Mitologia por Hollywood

Por Luiz Joaquim | 10.08.2018 (sexta-feira)

-publicado originalmente em 14 de maio de 2004 no jornal Folha de Pernambuco

Não há nada que se possa falar sobre Tróia (Troy, EUA, 2004), que suje sua aparência. Em parte pelos 200 milhões de dólares que o diretor alemão Wolfgang Petersen (de Mar em Fúria) teve disponível para criar imagens digitais a partir do épico A Ilíada, de Homero; e em parte pela estrela que protagoniza a produção. Seu nome é Brad Pitt e o ator dá à aparência de seu personagem, Aquiles, um coquetel de caras, bocas e cabeleira milimetricamente jogadas contra o vento, além de todo o esplendor corpóreo que um inchaço esteroidal pode proporcionar. Se no sentido ‘aparência’ o filme passa pelo crivo do padrão hollywoodiano, no quesito ‘consistência’ (histórica e cinematográfica), a produção é questionável pelo modo com o qual reduz tudo à doses cavalares de testosterona e cenas de amor ocas.

Troia, o filme, traz, por trás de si, um apurado trabalho de computação gráfica que transforma mil figurantes em 50 mil, e proporciona impressionantes falsas tomadas aéreas sobre paisagens que não existem. O mesmo pode se dizer, sem tirar nem por, de filmes como O Senhor dos Anéis ou O Gladiador, mas ambos guardavam em si um equilíbrio dramático substancial que está ausente em Tróia. Caída sua maquiagem digital, o filme revela-se de personalidade fraca. Aqui nenhuma paixão parece desmedida, nenhuma ação soa mitológica, e nenhuma tragédia sugere que vá reverberar pela eternidade, como tanto aspiram os personagens no filme.

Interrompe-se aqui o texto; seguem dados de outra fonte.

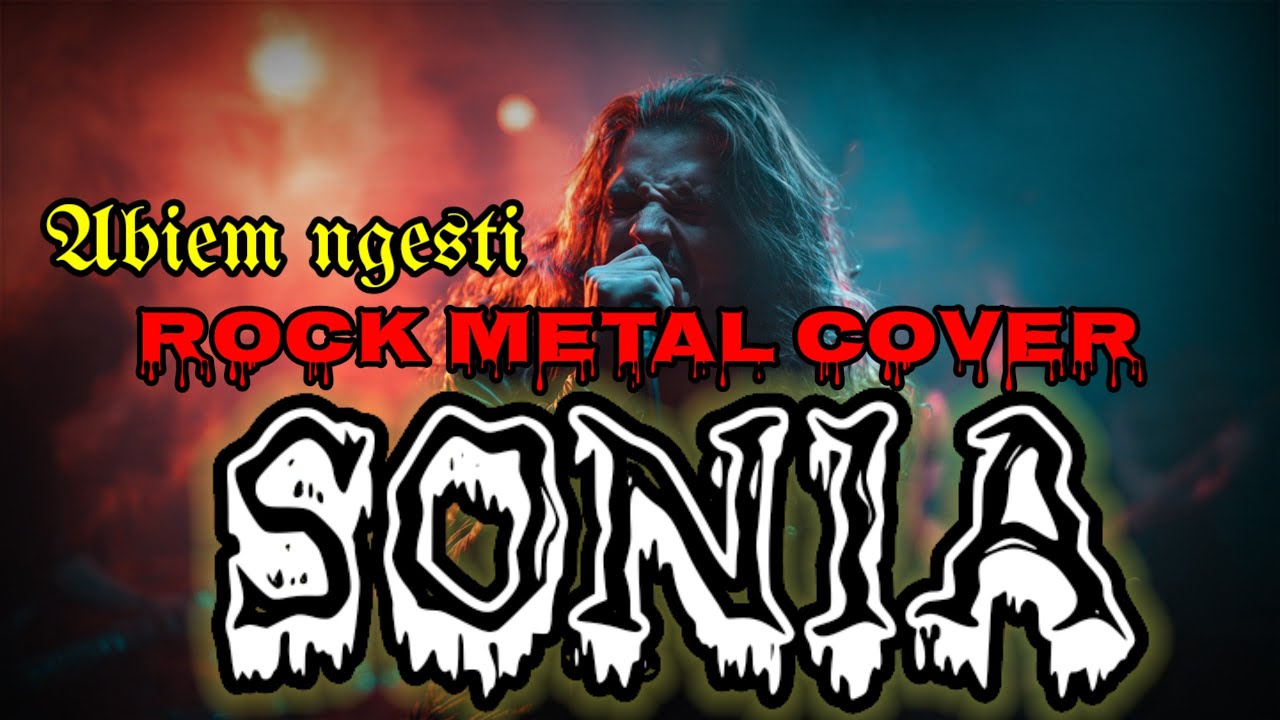SONIA – ABIEM NGESTI | ROCK METAL COVER VERSION by D FACHRI)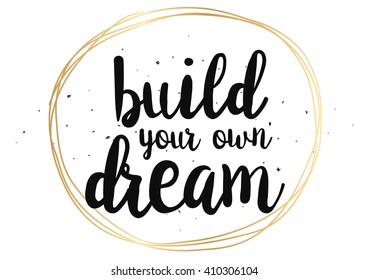 Build your own dream inspirational inscription. Greeting card with calligraphy. Hand drawn lettering design. Photo overlay. Typography for banner, poster or clothing design. Vector invitation.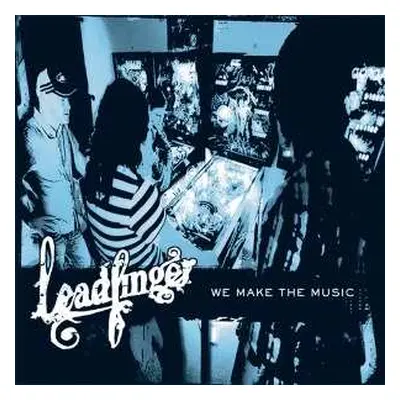 LP Leadfinger: We Make The Music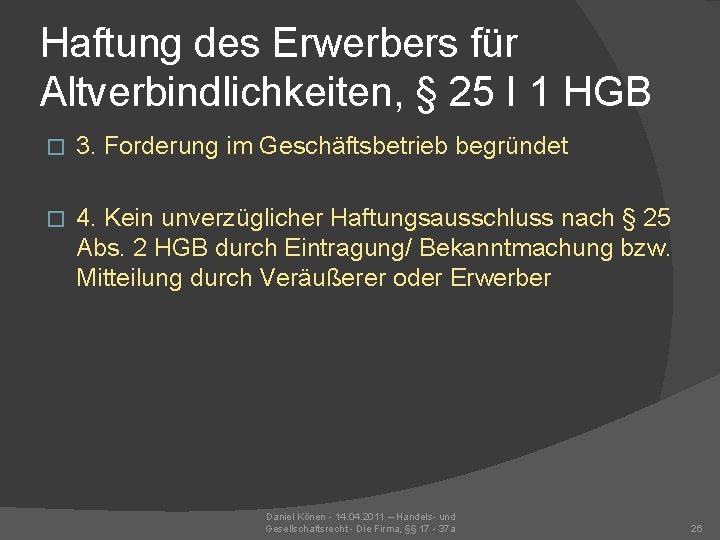 Haftung des Erwerbers für Altverbindlichkeiten, § 25 I 1 HGB � 3. Forderung im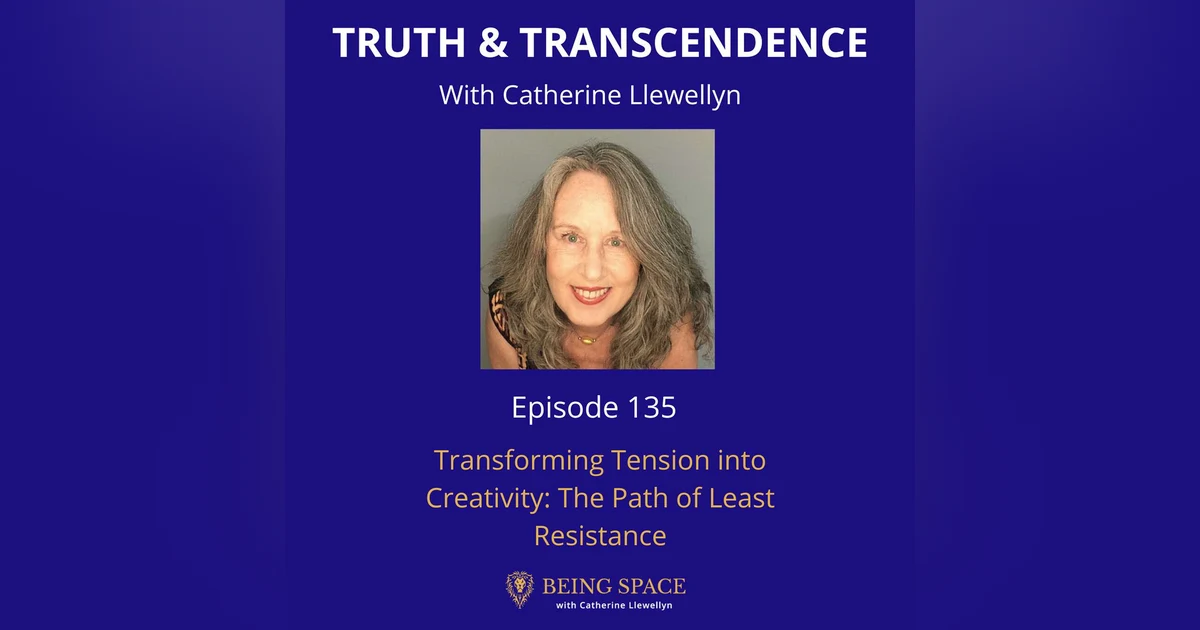 Ep 135: Transforming Tension into Creativity: The Path of Least Resistance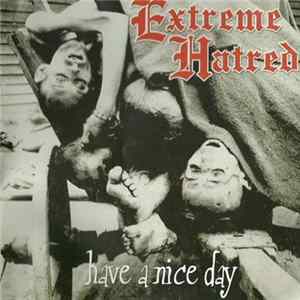 Extreme Hatred - Have A Nice Day FLAC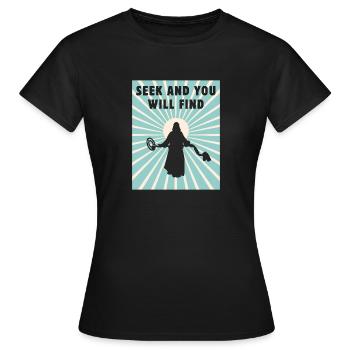 Seek And You Will Find.Metal Detector - Women's T-Shirt - black - Front - AI Model Female 172 dark (172cm)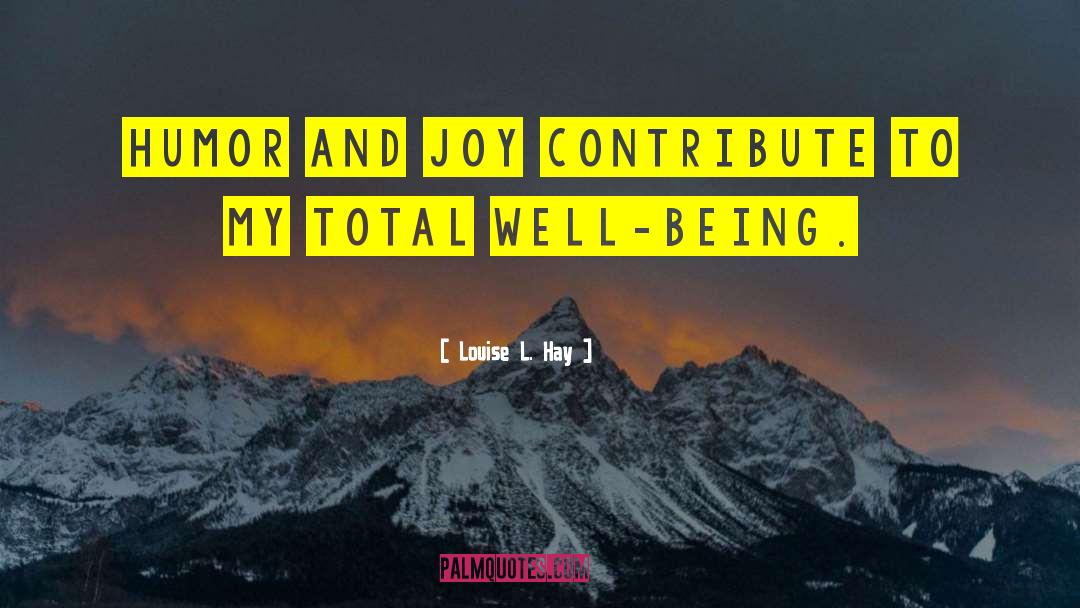 Louise L. Hay Quotes: Humor and joy contribute to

A propósito, viver para sempre, através da história, parece (pelas mãos do roteirista David Benioff) ser a única motivação do povo que existiu há 3.000 anos. Esse tipo de preocupação sugerida por Benioff aos seus personagens está mais para os planos de um ator medíocre contemporâneo, que aceita qualquer papel em qualquer filme para merecer a graça do ‘deus’ mídia, que para um herói mitológico temente a Zeus.

O filme de Petersen abre com uma bem encenada luta entre Aquiles e um gigante troiano, mas é apenas uma demonstração introdutória para ilustrar a fama do imbatível Aquiles. O estopim para iniciar a guerra contra Troia, tão desejada pelo rei Agamenon, de Micenas, (Briam Cox), surge quando seu irmão Menelau (Bredan Gleesan) tem sua esposa Helena, a rainha de Esparta (bela modelo alemã Diane Kruger) tomada pelo príncipe troiano, Páris (Orlando Bloom, de Piratas do Caribe).

Mesmo com 50 mil homens a sua disposição, Agamenon faz questão da presença do invencível Aquiles como líder de seu exército para derrubar os muros de Troia e abater seu maior guardião, o príncipe Heitor (Eric Bana, de Hulk), irmão mais velho de Páris. Já Aquiles, mesmo com a indolência aplainada por uma sacerdotisa grega, vê Troia como o ticket para o reconhecimento eterno e assim, ajuda a tornar o sonho de Agamenon numa realidade.

Quando se sabe que as batalhas da Grécia por Troia tomaram na realidade uma década, a comprimida transposição para o cinema nos chega apenas como um pretexto para acompanhar mais um entretenimento comercial, e não como uma leitura cinematográfica preocupada.

Em meio a tantos clichês, Troia, o filme, salva uma cena digna de uma Ilíada. Acontece quando o grande Peter O’Toole (como o rei do império troiano) clama a Aquiles por um ato de clemência. O breve instante guarda mais tensão que todos os 163 minutos do filme. É nessa hora, diante da elegância e eloquência interpretativa do lord O’toole que Aquiles, mesmo com a silhueta do tríceps inchado em destaque, parece pequeno, como um ratinho acuado.